START Information supplied

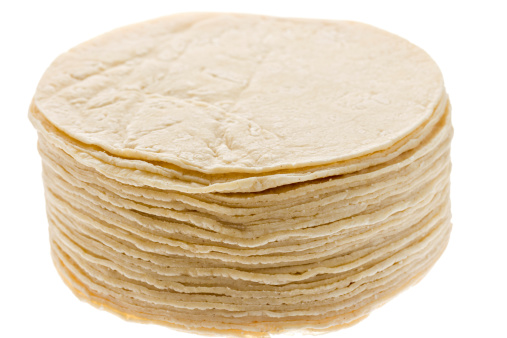A large stack of corn tortilla on a pure white background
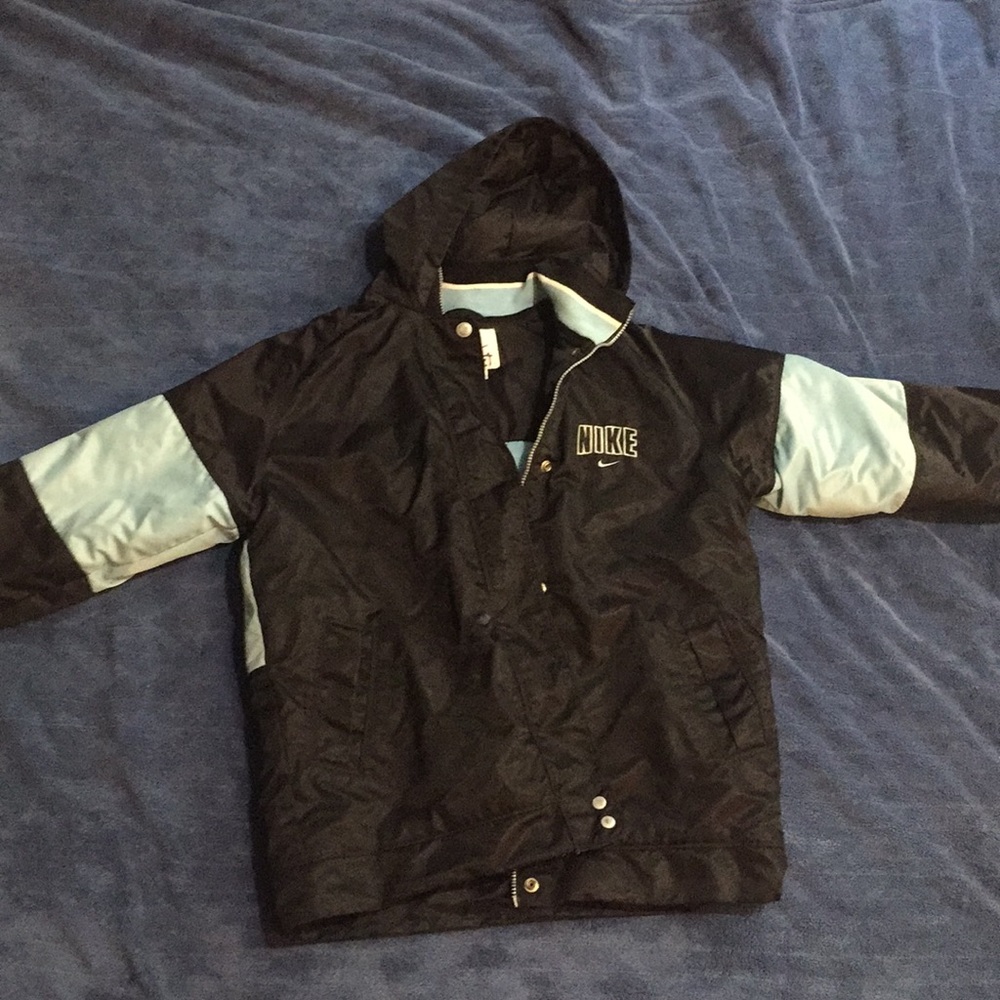 Light blue and black Nike puffer jacket.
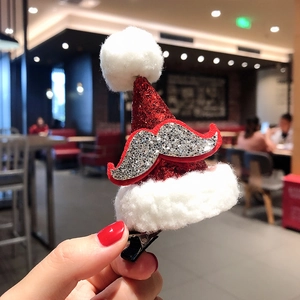 Close-up of a festive red glitter Santa hat hair clip with plush trim and silver beard detail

END Information supplied

Work task —
Each line from the one containing "Light blue and black Nike puffer jacket." through the final line of the data must be reproduced exactly, both ends included, with no pictures in the copy.

Output below —
 Light blue and black Nike puffer jacket.
 Close-up of a festive red glitter Santa hat hair clip with plush trim and silver beard detail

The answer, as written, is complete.